“We’ll never have that again?”
I automatically tried to feed her a gestalt, the way you do jacked, about how she might be able to try again in a few years, about Marty having her data, about the partial re-establishment of neuron connection so we might try, we might try; and a fraction of a second later I realized no, we weren’t connected; she can only hear something if I say it.
“Most people never even have it once.”
“Maybe they’re better off,” she said, muffled, and sobbed quietly. Her hand moved up to squeeze my neck and caress the jack.
I had to say something. “Look . . . it’s possible you haven’t lost it all. There might be a small fraction of the ability still there.”
“What do you mean?” I explained about some of the neurons homing back into the jack’s receptor areas. “How much might be there?”
“I don’t have the faintest idea. I’d never even heard of it until a couple of days ago.” Though I knew with sudden certainty that some of the jills must be that way, unable to make a really deep connection. Ralph had brought back memories of some who had hardly seemed jacked at all.
“We have to try. Where could we . . . could you bring the equipment back from Portobello?”
“No, I’d never get it off the base.” And be court-martialed, if I tried.
“Hmm . . . Maybe we could find a way to sneak into the hospital—”
I laughed. “You don’t have to sneak anywhere. Just buy time at one of the jack joints.”

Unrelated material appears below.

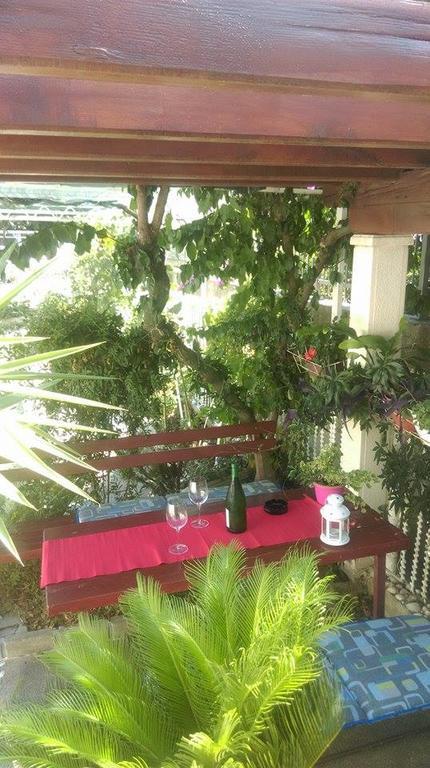 Apartment Danka Omis Bagian luar foto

“But I don’t want that. I want to do it with you.”
“That’s what I mean! They have double unis—two-person universes. Two people jack in and go someplace together.” That’s where the jills took their customers. You can screw on the streets of Paris, floating in outer space, riding a canoe down rapids. Ralph had brought us back the weirdest memories.
“Let’s go do it.”
“Look, you’re still beat from the hospital. Why not get a day or two rest and then—”
“No!” She stood up. “For all we know, the connections might be fading while we sit here and talk about it.” She picked up the phone off the table and punched two numbers; she knew my cab code. “Outside?”
I got up and followed her to the door, afraid I’d made a big mistake. “Look, don’t expect the world.”
“Oh, I don’t expect anything. Just have to try it, find out.” For someone who didn’t expect anything, she was awfully eager.
It was infectious. While we waited for the cab, I went from thinking Well, at least we’ll find out one way or the other to being sure that there would be at least something there. Marty had said there would be a placebo effect, if nothing more.
I couldn’t give the cab a specific address, since I’d only been there once. But I asked whether it knew where the block of jack joints was, just outside the university, and it said yes.
We could have biked there, but it was the neighborhood where that guy had pulled a knife on me—it had started pretty low and gone downhill—and I figured it might be dark by the time we finished our experiment.
It was a good thing the cab turned off the meter while we went through security. The shoe in charge saw our destination and jerked us around for ten minutes, I supposed to watch Amelia’s discomfort. Or try to get some sort of rise out of me. I wouldn’t give him the satisfaction.
We had the cab let us off on the near end of the block, so we could walk the length of it and check the menus in each joint. The price was important; payday was two days away for both of us. I made three times as much as she did, but the Mexican excursion had brought me down to less than a hundred bucks. And Amelia was flat.
There were more jills than pedestrians. Some of them offered to join us in a three-way. I hadn’t known that was possible. It sounded more confusing than alluring, even under good conditions. And being more intimately linked to the jill than to Amelia would be a disaster.
The place with the best double uni deal was also one of the nicest, or the least sleazy. It was called Your World, and instead of car crashes and executions, it offered a menu of explorations—like the French tour I’d taken in Mexico, but more exotic.